- _TO DO_
Below is some data. Retype exactly the lines starting at the one with "Lesbos (520-480) AR" and ending at the one with "[OrnoraJewelry]BUTTERFLY MOP DIAMOND".

:: DATASET EXCERPTS ::

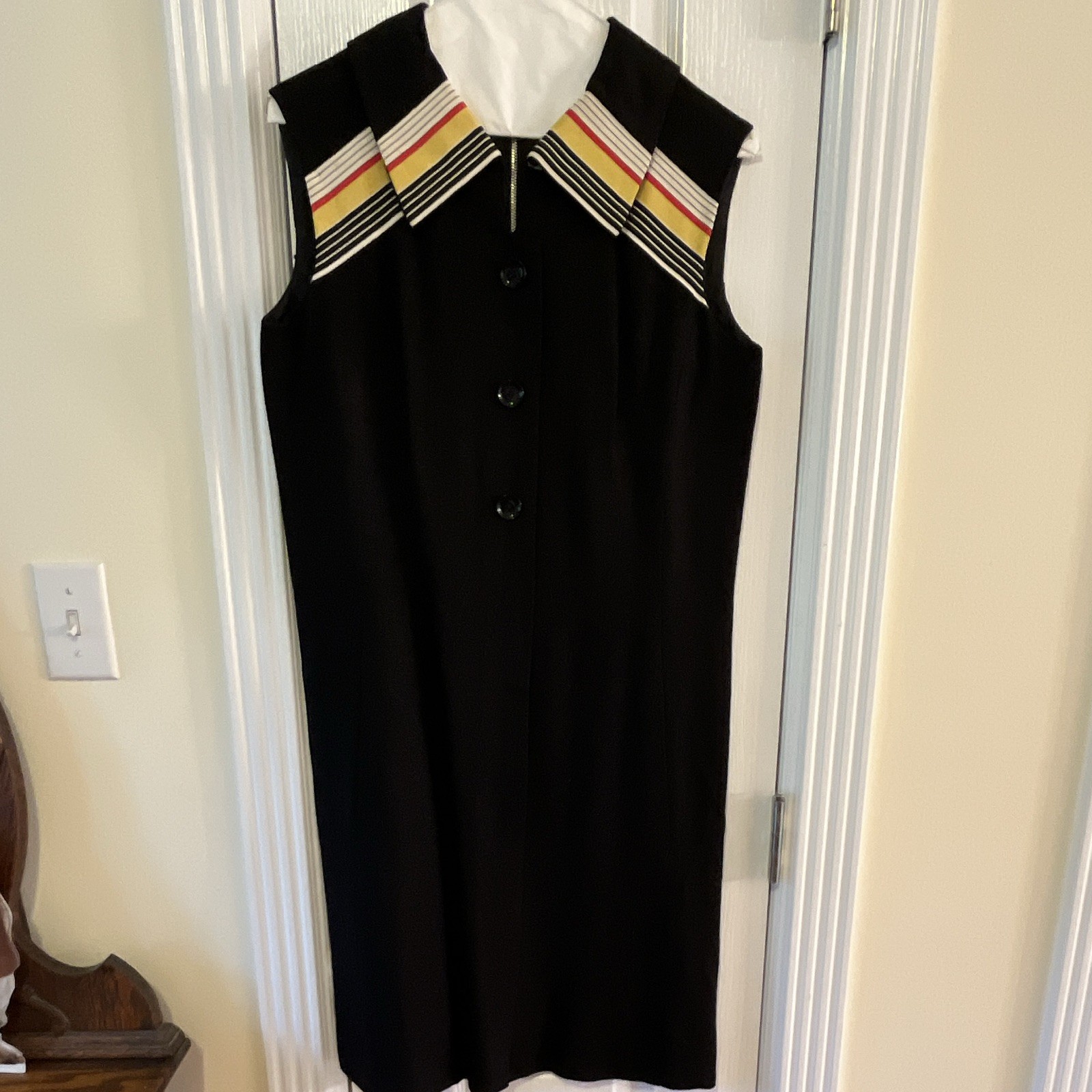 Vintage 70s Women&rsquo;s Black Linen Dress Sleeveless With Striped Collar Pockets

:::
:: DATASET EXCERPTS ::

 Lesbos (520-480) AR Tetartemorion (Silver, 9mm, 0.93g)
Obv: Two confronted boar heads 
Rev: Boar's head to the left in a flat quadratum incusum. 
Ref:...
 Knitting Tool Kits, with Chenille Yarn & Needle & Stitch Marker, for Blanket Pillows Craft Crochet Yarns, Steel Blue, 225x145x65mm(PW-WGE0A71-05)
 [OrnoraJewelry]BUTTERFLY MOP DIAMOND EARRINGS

:::

- _RESULT_
 Lesbos (520-480) AR Tetartemorion (Silver, 9mm, 0.93g)
Obv: Two confronted boar heads 
Rev: Boar's head to the left in a flat quadratum incusum. 
Ref:...
 Knitting Tool Kits, with Chenille Yarn & Needle & Stitch Marker, for Blanket Pillows Craft Crochet Yarns, Steel Blue, 225x145x65mm(PW-WGE0A71-05)
 [OrnoraJewelry]BUTTERFLY MOP DIAMOND EARRINGS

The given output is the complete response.